Novos números do Instituto Trata Brasil atualizam essa tragédia nacional. O relatório utiliza dados oficiais do governo federal e ratifica: o atraso no cumprimento do direito humano elementar é uma afronta que perdura, rebaixando a cidadania e atravancando o desenvolvimento, entra governo, sai governo, em todos os estados.
Quase dois terços das internações por doenças relacionadas à falta de saneamento foram de pessoas pardas e pretas, em 2024. A desigualdade de gênero e a desigualdade socioeconômica, como de praxe, marcam o problema recorrente que liga o esgoto inexistente à saúde precária em território brasileiro. Falta interesse ou investimento na solução da questão? Por que não se adotam alternativas mais baratas, como as estações de tratamento de menor porte, compactas e eficientes, ao invés dos projetos lentos e caros que jamais são implantados? Parece faltar também decisão política para se buscar a universalização dos serviços em escala econômica compatível com sua viabilização.
Num país do tamanho do nosso, há casos mais graves que outros. No Maranhão, a incidência de internações por doenças decorrentes da falta de saneamento chega a 45 para cada 10 mil habitantes, o dobro da taxa em Minas Gerais, que já é considerada alta, de 22 internações por 10 mil habitantes. Na lista de enfermidades provocadas por essa situação, estão a diarreia, a hepatite, a malária, a leptospirose e a dengue.
A estimativa do Trata Brasil é que o saneamento básico implementado reduziria drasticamente as internações, em até 70%, em um período de até três anos. Os milhões de reais necessários para cuidar dos pacientes nos hospitais por tal motivo poderiam ser revertidos para melhorias no atendimento e na infraestrutura do SUS.
A maior parte das doenças foi transmitida por insetos, sobretudo o mosquito da dengue, o Aedes aegypti. A taxa de mortalidade relativa às doenças do déficit de saneamento vem aumentando desde 2008, com apenas pouco mais de mil cidades verificando a redução da mortalidade. É um desempenho decepcionante para vários anos de tantas promessas, por governos populistas no Planalto, por exemplo.

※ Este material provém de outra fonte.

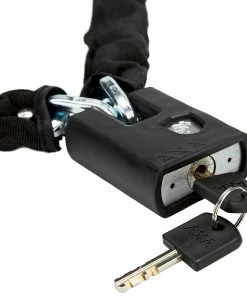 Promo ✨ Axa Clinch CH 105 Antivol 105cm, noir ⌛ -Accessoires Vélo Soldes axa clinch ch 105 kettenschloss 105cm schwarz 3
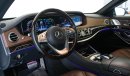 Mercedes-Benz S 560 HYBRID SALOON / Reference: VSB 31216 Certified Pre-Owned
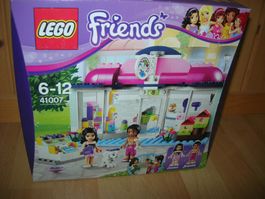 LEGO Friends 41007 Heartlake Tiersalon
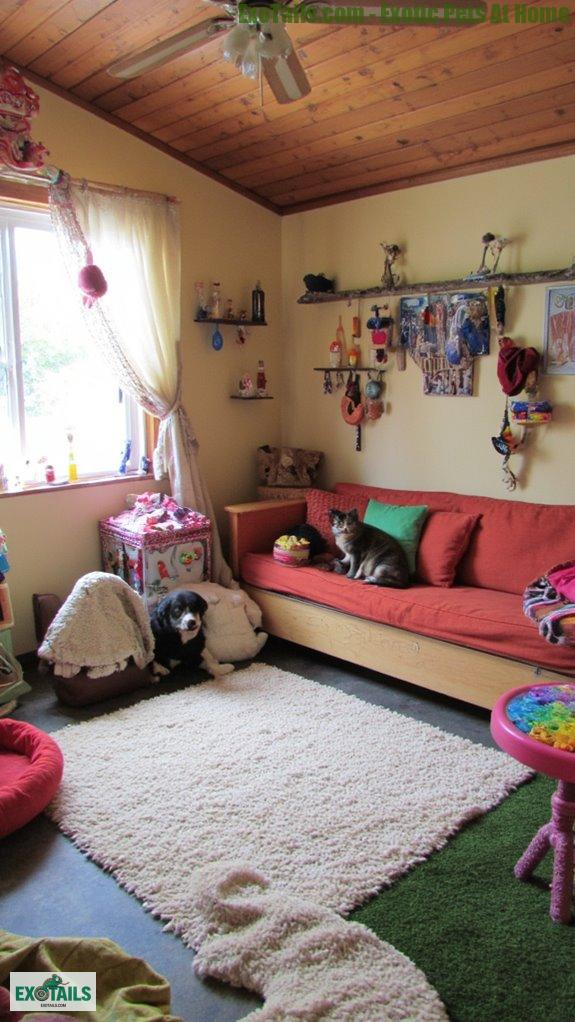 safe interactive pet playtime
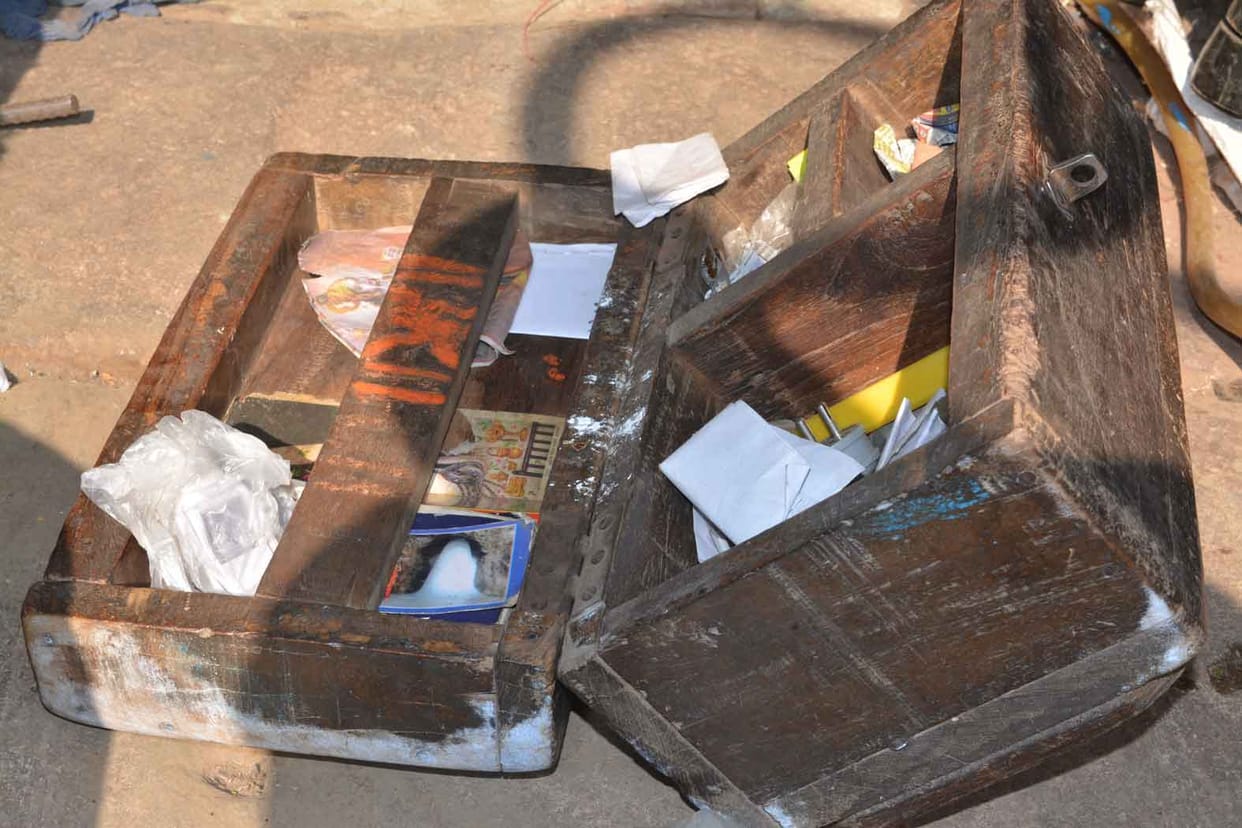 Thousand rupees stolen from district hospital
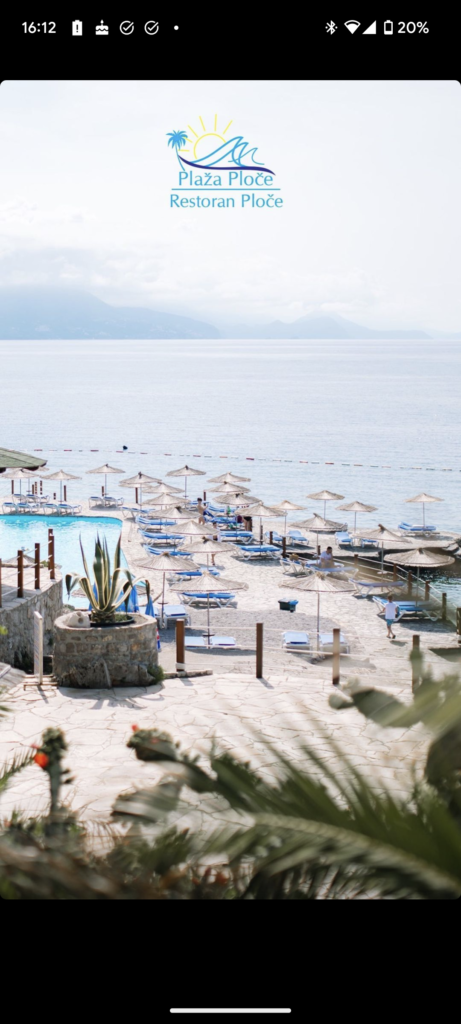 PLOČE Beach Bar & Restaurant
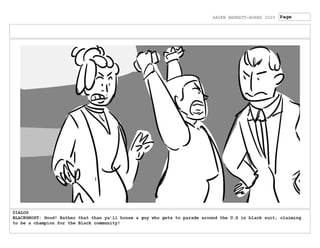 RAVEN BENNETT-BURNS 2020
 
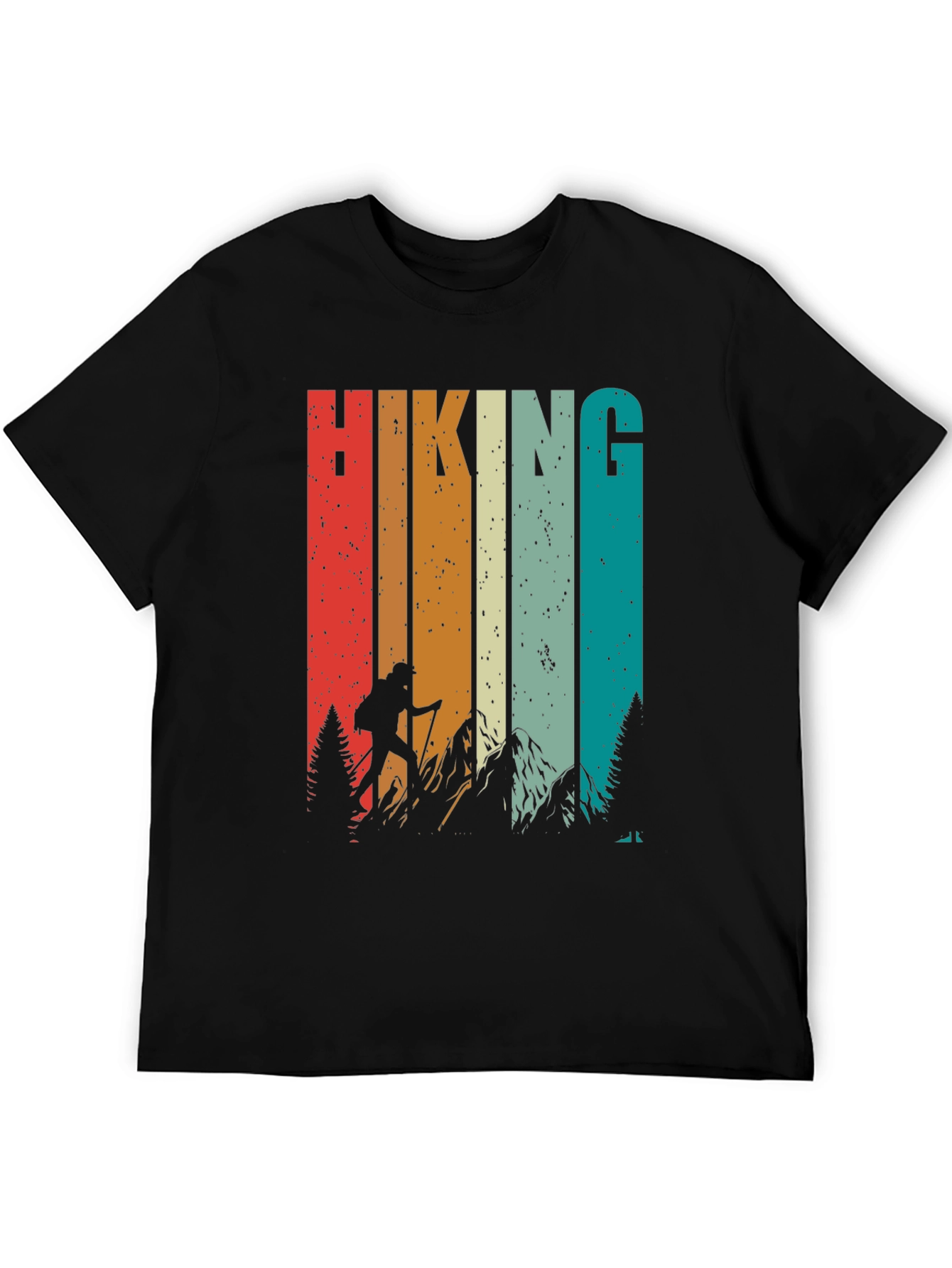Retro Hiking Adventure T-Shirt - Outdoor Style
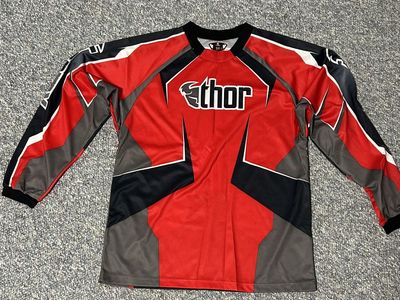 Thor Dirt Bike Jerseys (2-Medium)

Os estados, por sua vez, em sua maioria, não conseguiram destravar os processos de investimentos para avançar no assunto. Enquanto isso, a população sofre, sobretudo a parcela mais pobre, mais exposta aos mosquitos e às formas de contaminação que levam a outras enfermidades que podem matar e levar as pessoas a passar maus bocados num leito hospitalar.
Um dado cruel é que as crianças até 4 anos de idade e os idosos compõem o público mais atingido. Estamos tolhendo o futuro, e desrespeitando o passado que nos traz aqui.